[Start of Attachment]

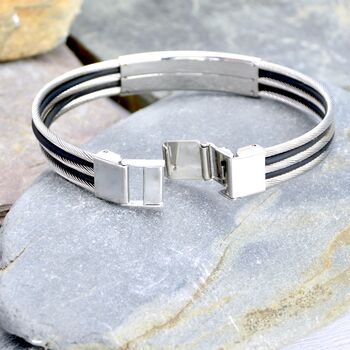 Men's Personalised Black And Silver Wire Bracelet, 3 of 6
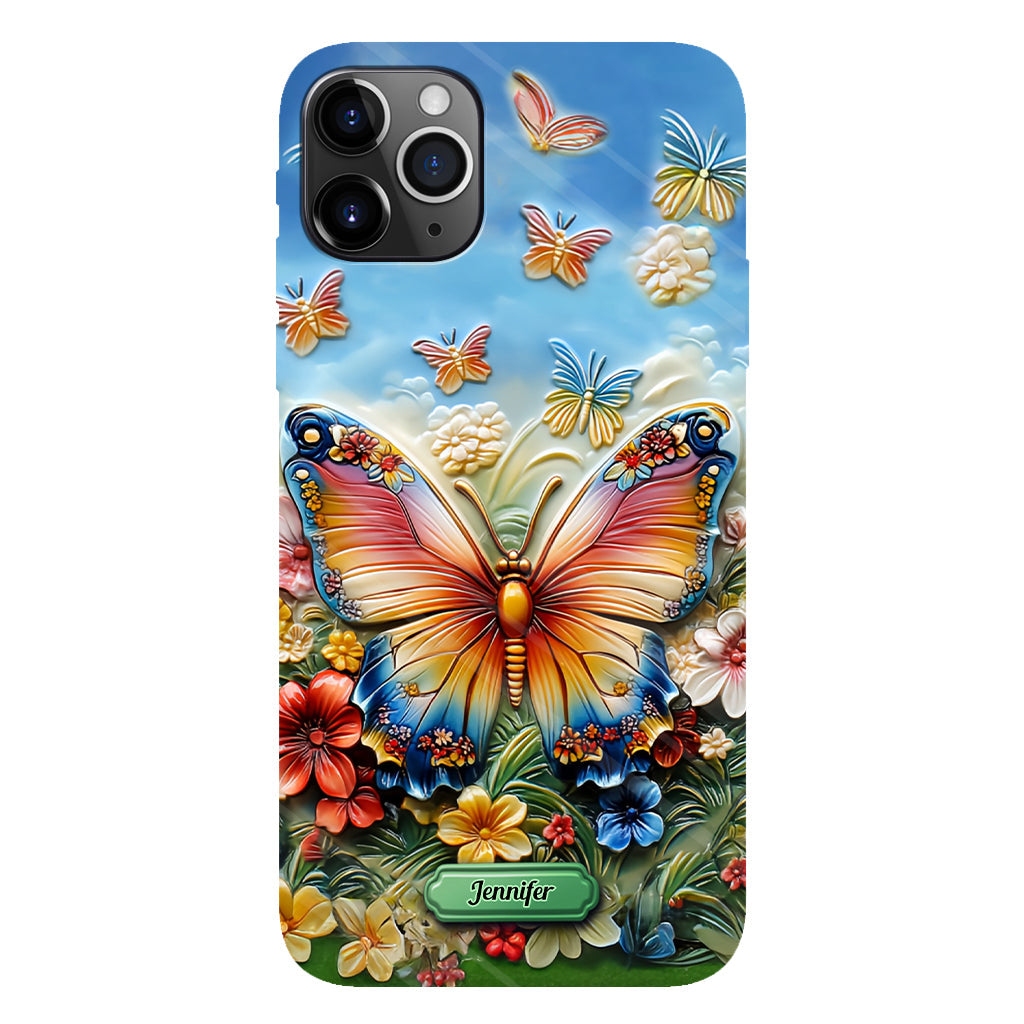 Wunderschöner Schmetterling, Biene, Libelle, Kolibri – personalisierte Handyhülle mit Schmetterlingsmotiv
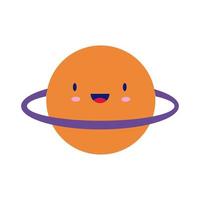 Saturnus planeet kawaii stripfiguur vlakke stijl vector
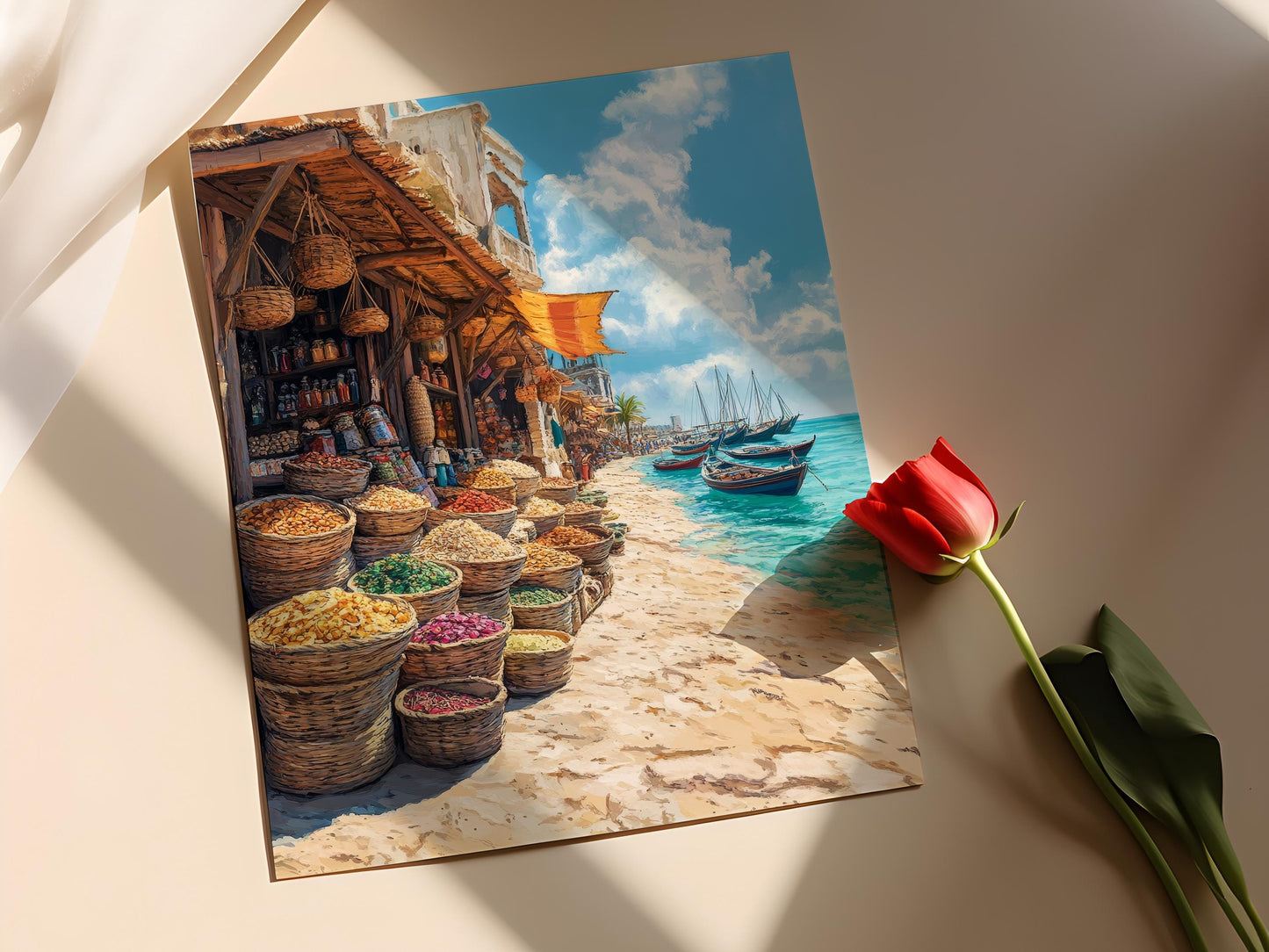 Affiche Île Qeshm – Poster Scène de Marché au Bord du Golfe Persique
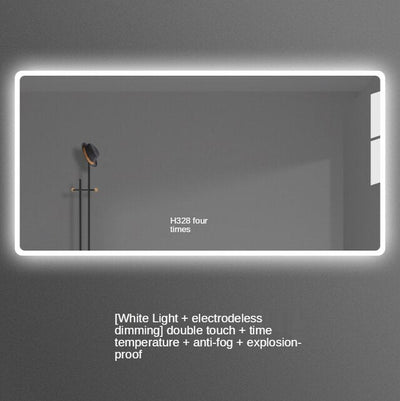 Placido-Bathroom Mirror Antifog Glass Led Smart Bathroom Mirror Touch Screen with Bluetooth LED Light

[End of Attachment]

DIRECTIONS - Write out the whole of the data exactly; the pictures stay out.

SOLUTION FOR THIS TASK -
 Men's Personalised Black And Silver Wire Bracelet, 3 of 6
 Wunderschöner Schmetterling, Biene, Libelle, Kolibri – personalisierte Handyhülle mit Schmetterlingsmotiv
 Saturnus planeet kawaii stripfiguur vlakke stijl vector
 Affiche Île Qeshm – Poster Scène de Marché au Bord du Golfe Persique
 Placido-Bathroom Mirror Antifog Glass Led Smart Bathroom Mirror Touch Screen with Bluetooth LED Light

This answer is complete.